Menumakers should consider the trends that influence customers of onsite foodservice operations as well as commercial restaurants. For instance, “clean menus” is one of the top food and beverage predictions for 2016 by Baum + Whiteman, Brooklyn, N.Y.-based food and restaurant consultants. This term refers to the efforts that major foodservice operators and suppliers are making to banish artificial ingredients and nutritionally suspect substances from menus. And high fructose corn syrup — widely used to sweeten soft drinks — is one of the top growing concerns in the United States, reports market research firm, The NPD Group.
Against this backdrop, some operators are emphasizing lighter, less sweet and more natural products such as fruit-flavored and sparkling water, iced tea and iced coffee on their summer beverage menus.
At Rice University in Houston, the dining department is prepared for the first wave of summer heat, even though the weather lately has been more comfortable than usual. “We’ve had a good spring, but it can change on a dime and go up to 95 here,” says chef Johnny Curet, campus dining director at Rice.
The principal refreshers at the University are agua frescas, smoothies, flavored iced teas and specialty iced coffee. “We do our best to stay away from the sodas and juices,” says Curet.
In Houston the average high temperature can rise to 90 degrees Fahrenheit or more on nearly 100 days per year, according to the local visitors’ bureau. Keeping students hydrated is a serious task. With an enrollment of about 3,400 undergraduates, Rice draws from all 50 states and 89 countries, including newcomers who may be daunted by the climate.
“Incoming freshman and transfer students who are not from Texas may be overwhelmed and dehydrated,” says Curet. “That’s why we put out aguas frescas and the different smoothies.”
Aguas frescas — Mexican-inspired beverages made from fresh fruits, herbs or even flowers, blended with water and lightly sweetened — are particularly popular.

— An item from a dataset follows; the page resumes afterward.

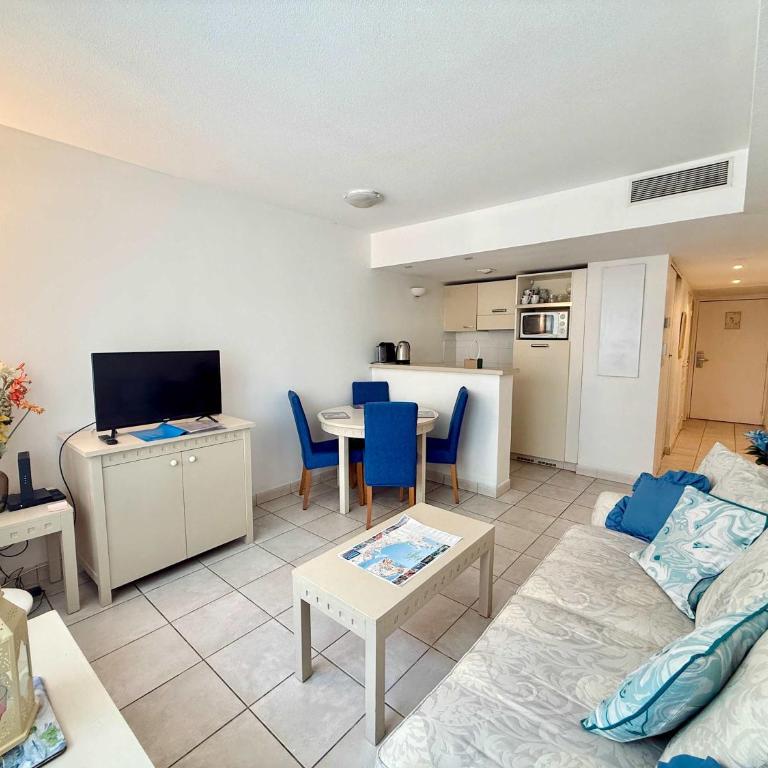 A079 Appartement confortable sur Carnot -1 chambre - Apartment - 1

A campus dining outlet that serves 250 students will mix up a batch of 10 to 15 gallons at a time.
Displayed in large glass jars, the colorful waters are also a hit at campus special events. “It won’t be long until we have commencement, and we will put all those clear dispensers out,” says Curet. “They look great, and they sell themselves.”
Rice’s campus dining outlets are run by chefs with extensive culinary training. They write their menus weekly based on product quality and availability. When it comes to beverage inspiration, they often look to the campus farmers market for ingredients, just as they do with food.

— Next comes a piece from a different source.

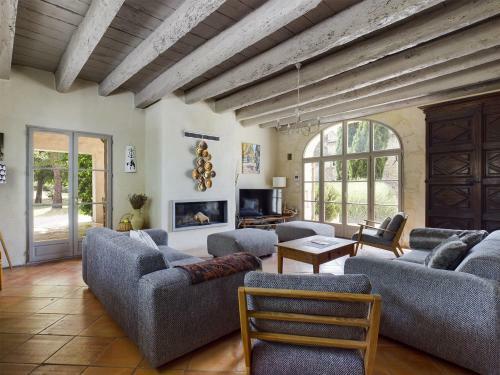 Maison Tarascon, 6 Pi�ces, 8 Personnes - Fr-1-599-56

“They have total freedom to create,” says Curet. He recalls a unique agua fresca that had a tantalizing touch of habanero chile. “It was just enough to get your lips buzzing, but not running for a glass of milk to cool down your mouth.”
Iced tea is also a popular summer quencher at Rice. But it’s not the heavily sugared Southern staple. “It has been about five years since we got away from sweetened tea,” says Curet. “When we do a tea in house, it’s not just tea — it’s tea with lemon and mint or mango. We go beyond the ordinary.”

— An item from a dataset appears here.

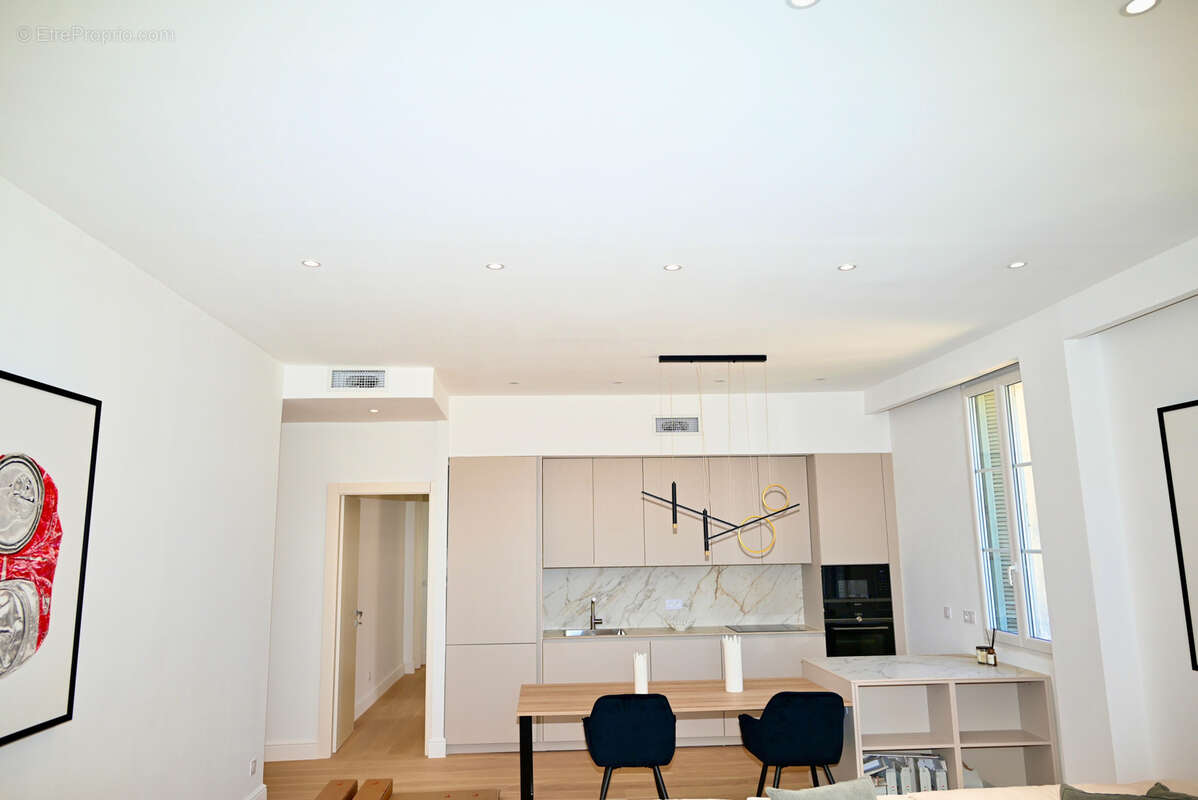 Appartement à BEAULIEU-SUR-MER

Other one of a kind campus creations include a vegan smoothie made with soy, banana, strawberry and a touch of dark chocolate, and Vietnamese iced coffee sweetened with agave nectar.
Summertime can be steamy in North Carolina, too. At Park Ridge Health, a 103-bed hospital in Hendersonville, executive chef Robin Pharris is mindful of the need for lighter, more healthful refreshment options on her menus when the mercury climbs.
A few years ago Park Ridge downsized bottled soft drinks from 16 to 12 ounces “to encourage a healthier decision-making process,” says Pharris. Iced teas and flavored sparkling waters are preferred alternatives.
Pharris says she has more creative license with summer beverages in the catering program than in day-to-day foodservice operations. “It is almost a separate business,” says Pharris. Functions range from doctors’ retirement luncheons to civic and charitable events
One of the favorites is ice water swimming with fresh sliced oranges, limes and lemons. Also handy for catered functions is an alcohol free punch of white cranberry juice, sugar free ginger ale and sparkling white grape juice, garnished with raspberries or cranberries. Recently, Pharris found a watermelon limeade product that might serve as a flavorful refresher for special events. “It could be a nice refreshing treat,” says Pharris.